As before, in the FibSimple example, we examine the performance of computing the eighth number in the Fibonacci sequence:

func BenchmarkFibMemoized(b *testing.B) {
     fn := FibMemoized
     for i := 0; i < b.N; i++ {
            _ = fn(8)
     }
}

func benchmarkFibMemoized(i int, b *testing.B) {
     for n := 0; n < b.N; n++ {
            FibMemoized(i)
     }
}

func BenchmarkFibMemoized1(b *testing.B)  { 
    benchmarkFibMemoized(1, b) }
func BenchmarkFibMemoized2(b *testing.B)  { 
    benchmarkFibMemoized(2, b) }
func BenchmarkFibMemoized3(b *testing.B)  { 
    benchmarkFibMemoized(3, b) }
func BenchmarkFibMemoized10(b *testing.B) { 
    benchmarkFibMemoized(4, b) }
func BenchmarkFibMemoized20(b *testing.B) { 
    benchmarkFibMemoized(20, b) }
func BenchmarkFibMemoized40(b *testing.B) { 
    benchmarkFibMemoized(42, b) }

As before, we carry out a test calling FibMemoized, using 1, 2, 3, 4, 20, and 42 as input.

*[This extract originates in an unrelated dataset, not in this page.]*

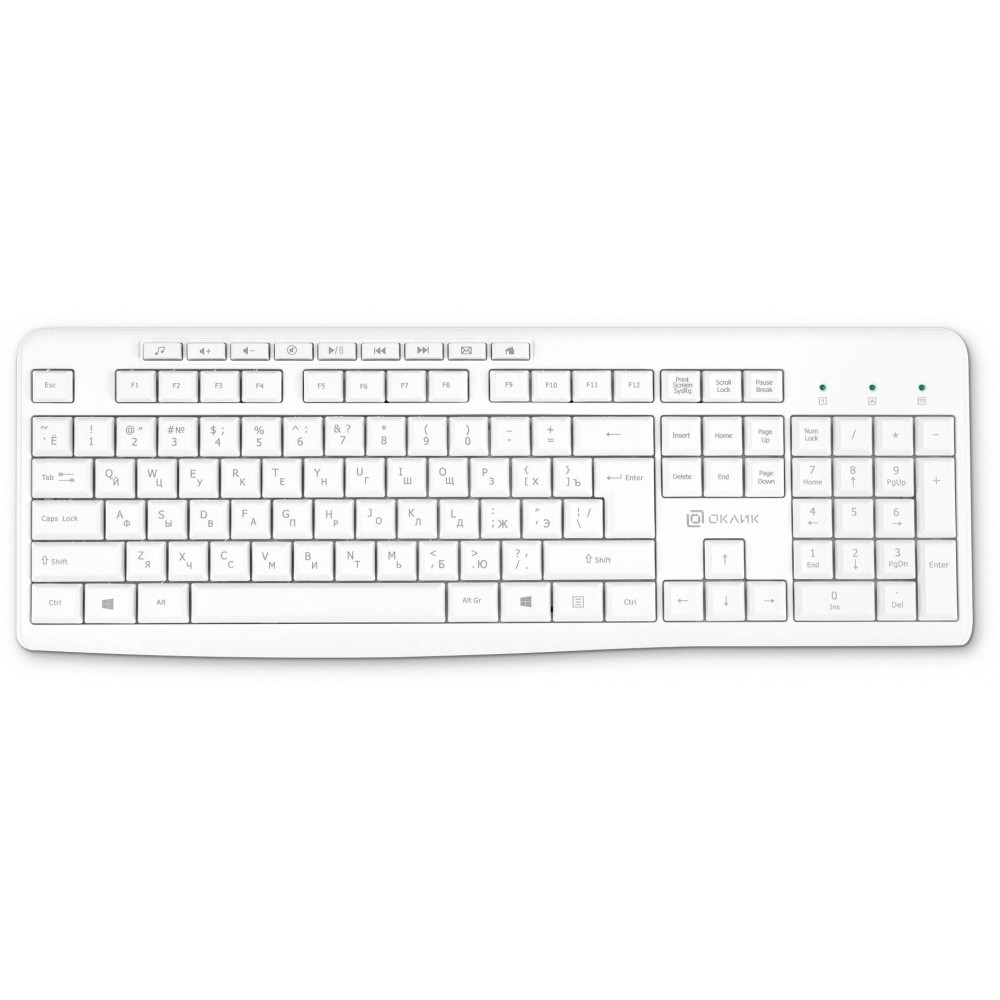 Клавиатура Oklick K225W белый USB беспроводная Multimedia (1875235) Oklick 1875235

Here's the complete listing for the FibChanelled function:

package fib

import "testing"

func TestChanneled(t *testing.T) {
     for _, ft := range fibTests {
            if v := FibChanneled(ft.a); v != ft.expected {
                   t.Errorf("FibChanneled(%d) returned %d, expected %d", ft.a, v, ft.expected)
            }
     }
}

func BenchmarkFibChanneled(b *testing.B) {
     fn := FibChanneled
     for i := 0; i < b.N; i++ {
            _ = fn(8)
     }
}

func benchmarkFibChanneled(i int, b *testing.B) {
     for n := 0; n < b.N; n++ {
            FibChanneled(i)
     }
}

func BenchmarkFibChanneled1(b *testing.B)  { 
    benchmarkFibChanneled(1, b) }
func BenchmarkFibChanneled2(b *testing.B)  { 
    benchmarkFibChanneled(2, b) }
func BenchmarkFibChanneled3(b *testing.B)  { 
    benchmarkFibChanneled(3, b) }
func BenchmarkFibChanneled10(b *testing.B) { 
    benchmarkFibChanneled(4, b) }
func BenchmarkFibChanneled20(b *testing.B) { 
    benchmarkFibChanneled(20, b) }
func BenchmarkFibChanneled40(b *testing.B) { 
    benchmarkFibChanneled(42, b) }

We performed twooptimizations on our original Fibonacci sequence logic using a caching technique and Go's concurrency features. We wrote both the optimization implementations. More optimizations are possible. In some cases, optimization techniques can be combined to produce even faster code.

What if all we had to do was write a simple recursive version and then when we compiled our Go code, the Go compiler would automatically generate object code with performance optimizations?

Note

Lazy evaluation: An evaluation strategy that delays the evaluation of an expression until its value is needed, which improves performance by avoiding needless calculations.